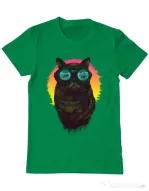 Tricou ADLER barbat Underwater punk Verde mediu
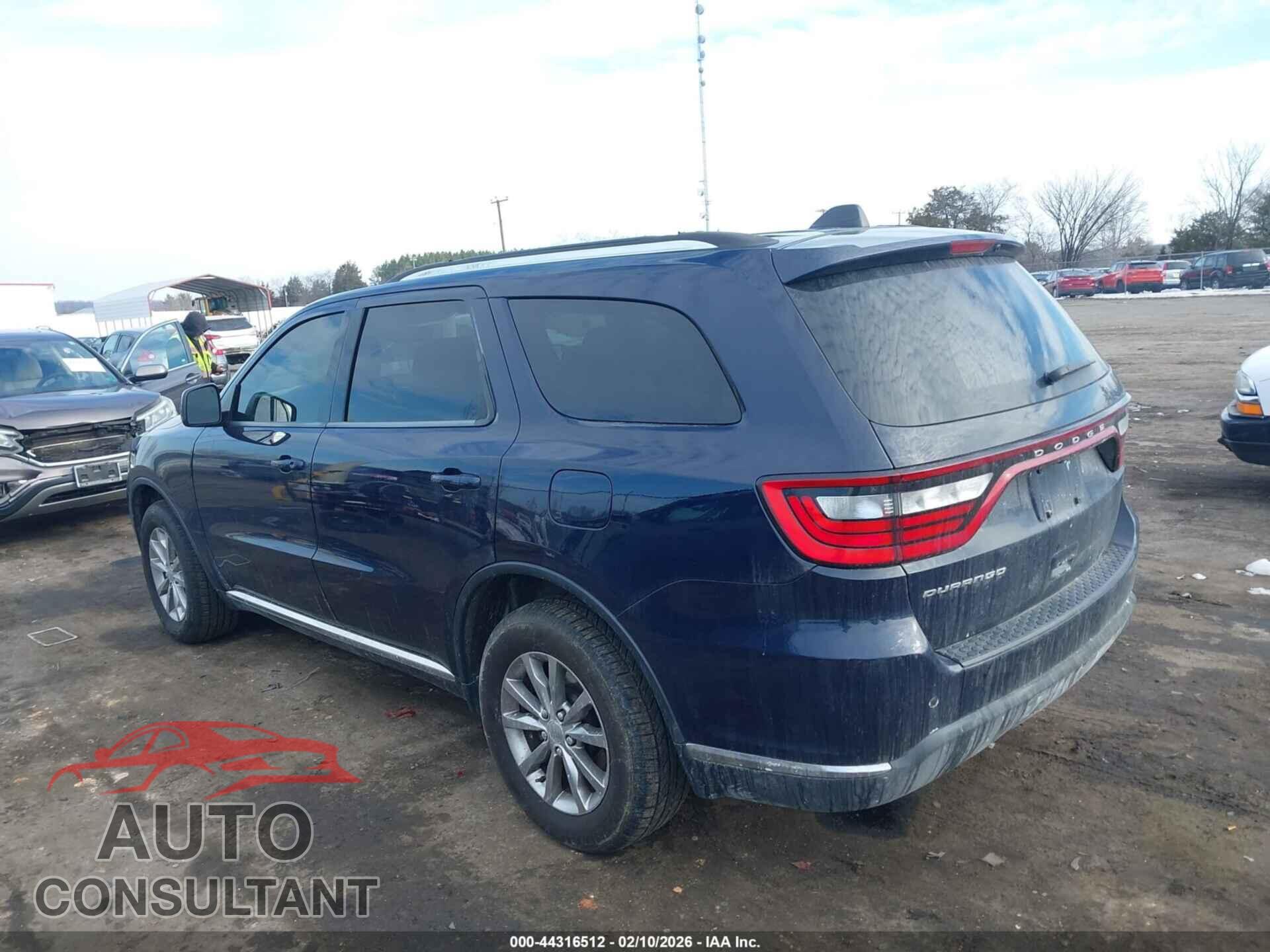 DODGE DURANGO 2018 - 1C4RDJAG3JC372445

+===+

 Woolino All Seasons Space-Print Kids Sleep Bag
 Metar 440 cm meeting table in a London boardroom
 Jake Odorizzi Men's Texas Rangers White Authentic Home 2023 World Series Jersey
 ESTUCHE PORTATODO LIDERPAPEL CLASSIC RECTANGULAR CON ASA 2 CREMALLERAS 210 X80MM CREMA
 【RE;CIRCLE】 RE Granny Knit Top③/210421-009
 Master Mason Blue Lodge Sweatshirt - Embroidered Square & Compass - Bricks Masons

+===+

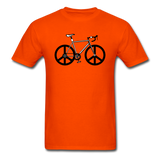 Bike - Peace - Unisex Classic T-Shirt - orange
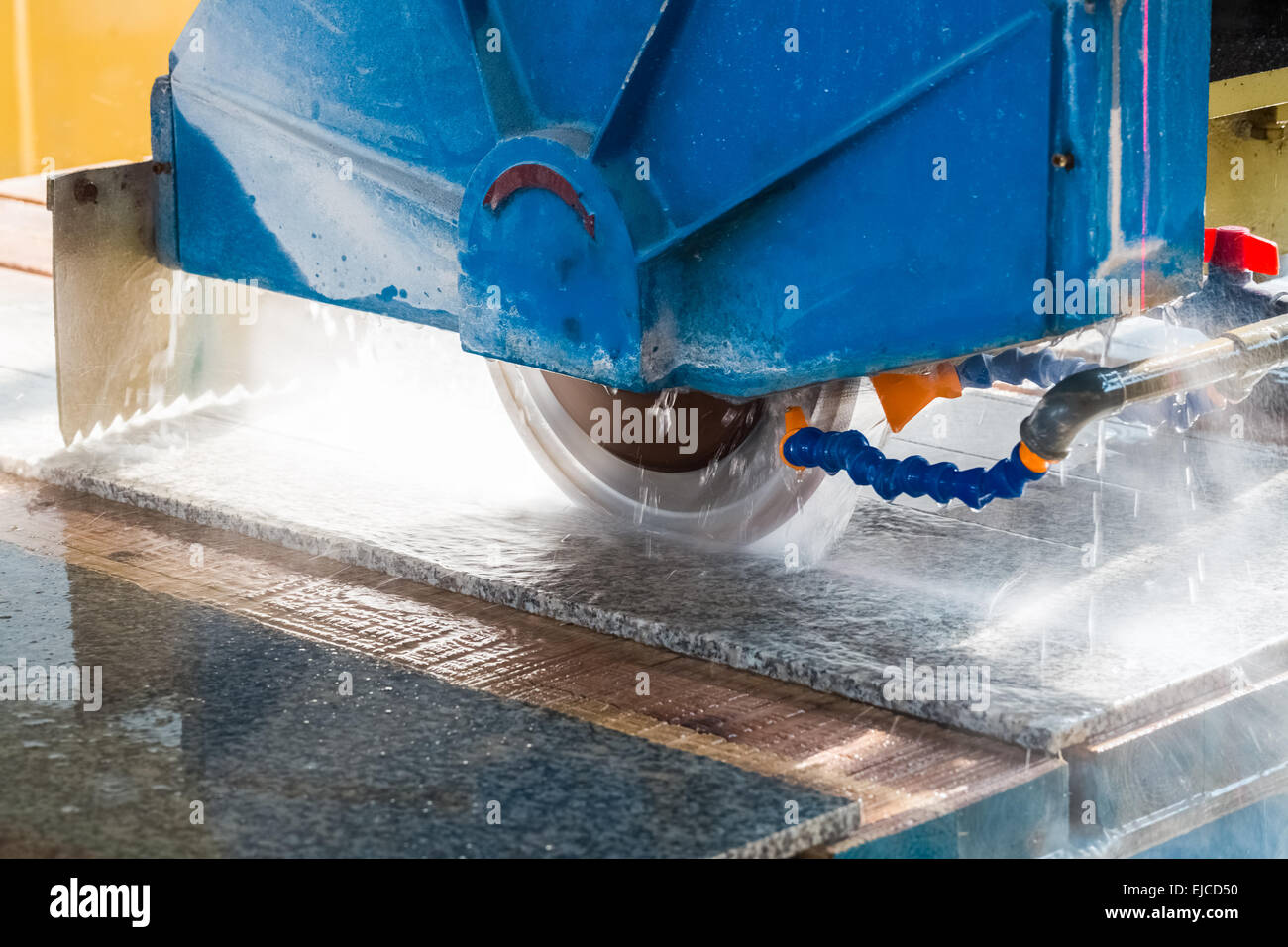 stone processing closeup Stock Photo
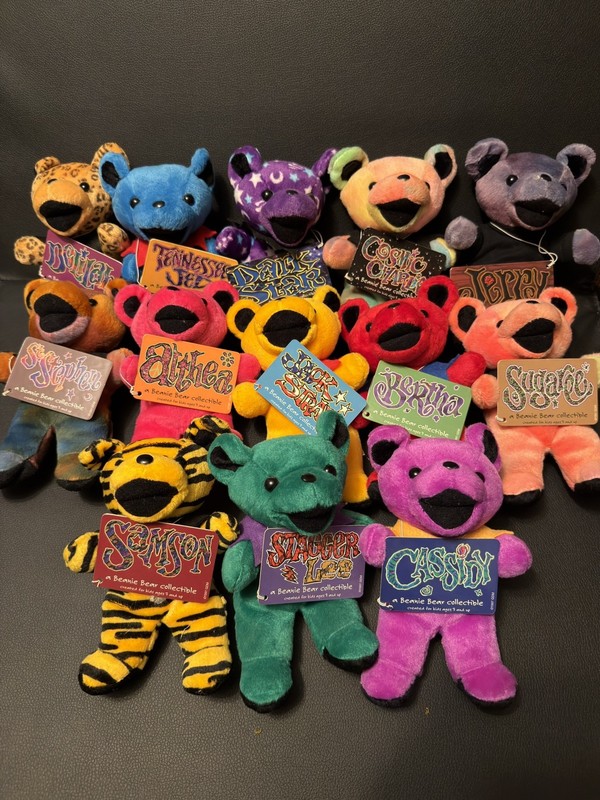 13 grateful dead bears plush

+===+

What to do:
The stretch of entries above that starts with the line containing "Woolino All Seasons" and goes on through the line containing "Master Mason Blue" is to be transcribed exactly, and no other line is to be transcribed.

Solution for this task:
 Woolino All Seasons Space-Print Kids Sleep Bag
 Metar 440 cm meeting table in a London boardroom
 Jake Odorizzi Men's Texas Rangers White Authentic Home 2023 World Series Jersey
 ESTUCHE PORTATODO LIDERPAPEL CLASSIC RECTANGULAR CON ASA 2 CREMALLERAS 210 X80MM CREMA
 【RE;CIRCLE】 RE Granny Knit Top③/210421-009
 Master Mason Blue Lodge Sweatshirt - Embroidered Square & Compass - Bricks Masons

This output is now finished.